Short text fragments from websites
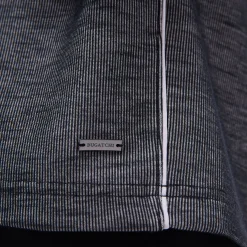 Jacquard Performance Quarter-Zip Pullover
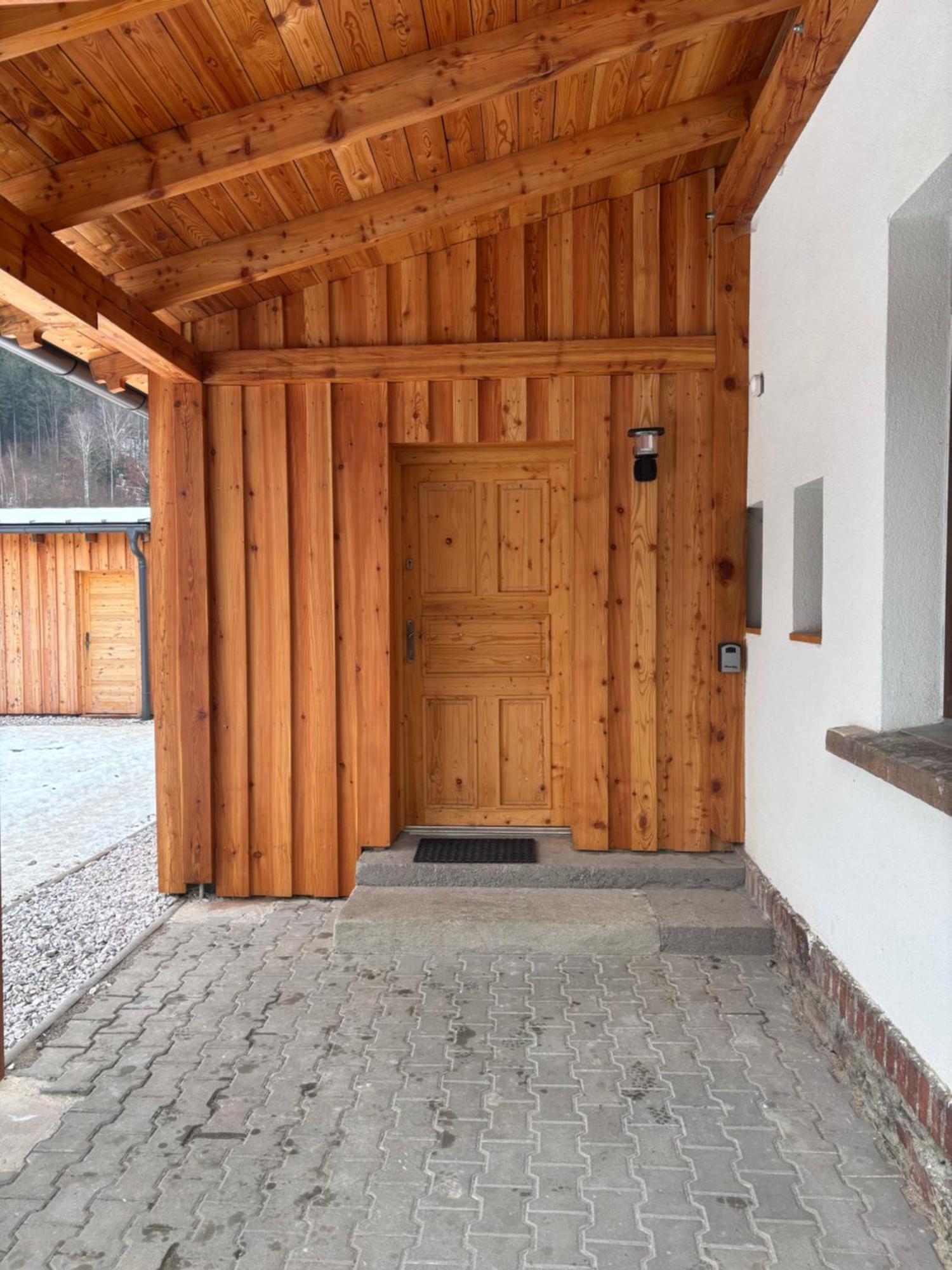Chalupa U Kozichu Horní Maršov Exteriér fotografie
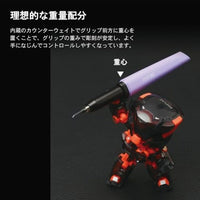 PT-TH03 PRO タガネ用軽量グリップPRO(イエロー)【DSPIAE】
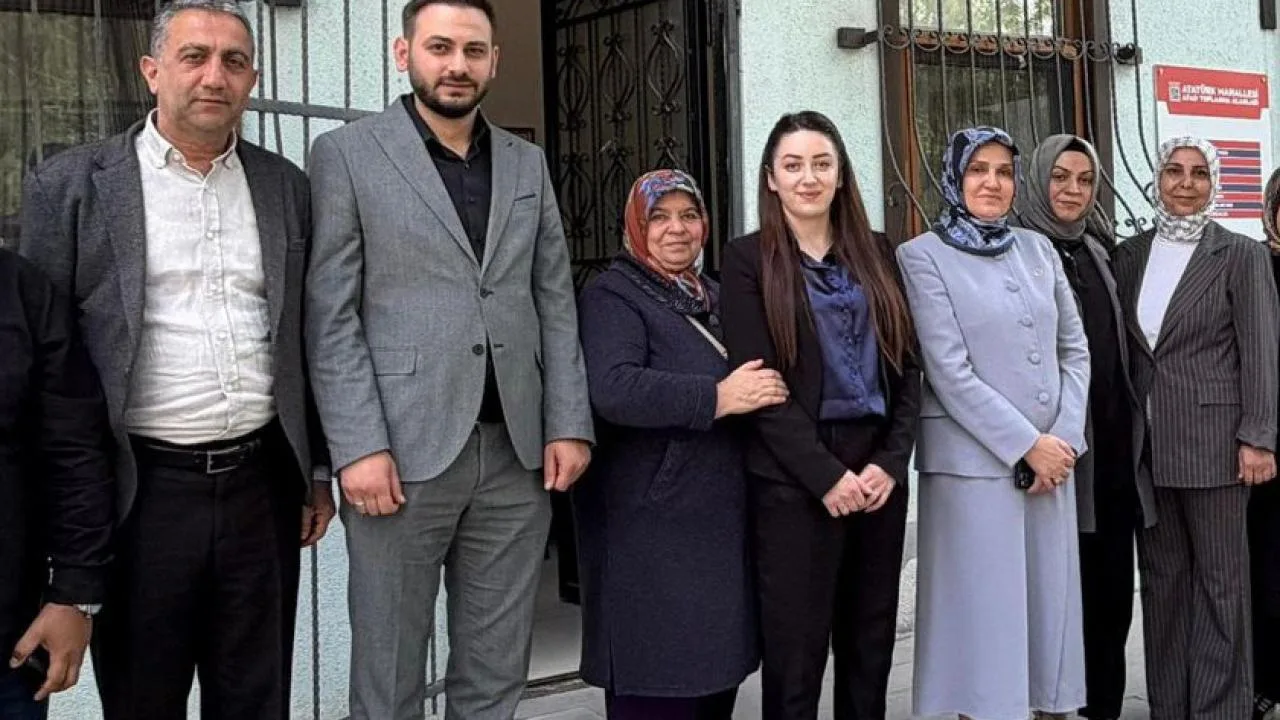 AK Parti’nin İstanbul’da Saha Programları Devam Ediyor
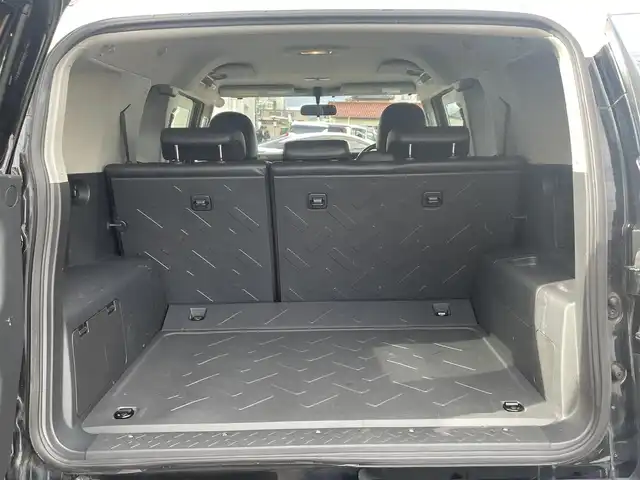 トヨタ ＦＪクルーザー カラーパッケージ 山形県 2010(平22)年 11.1万km ブラック/ホワイト 4WD/純正HDDナビ/　　【CD/DVD/BT/フルセグ/AUX】/バックカメラ/クルーズコントロール/HIDヘッドライト/20インチアルミ/ルーフレール/パークセンサー/ステアリングスイッチ/ETC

- _TASK GOAL_: Give the data again exactly as it appears, but without any images.

- _EXERCISE SOLUTION_:
 Jacquard Performance Quarter-Zip Pullover
Chalupa U Kozichu Horní Maršov Exteriér fotografie
 PT-TH03 PRO タガネ用軽量グリップPRO(イエロー)【DSPIAE】
 AK Parti’nin İstanbul’da Saha Programları Devam Ediyor
 トヨタ ＦＪクルーザー カラーパッケージ 山形県 2010(平22)年 11.1万km ブラック/ホワイト 4WD/純正HDDナビ/　　【CD/DVD/BT/フルセグ/AUX】/バックカメラ/クルーズコントロール/HIDヘッドライト/20インチアルミ/ルーフレール/パークセンサー/ステアリングスイッチ/ETC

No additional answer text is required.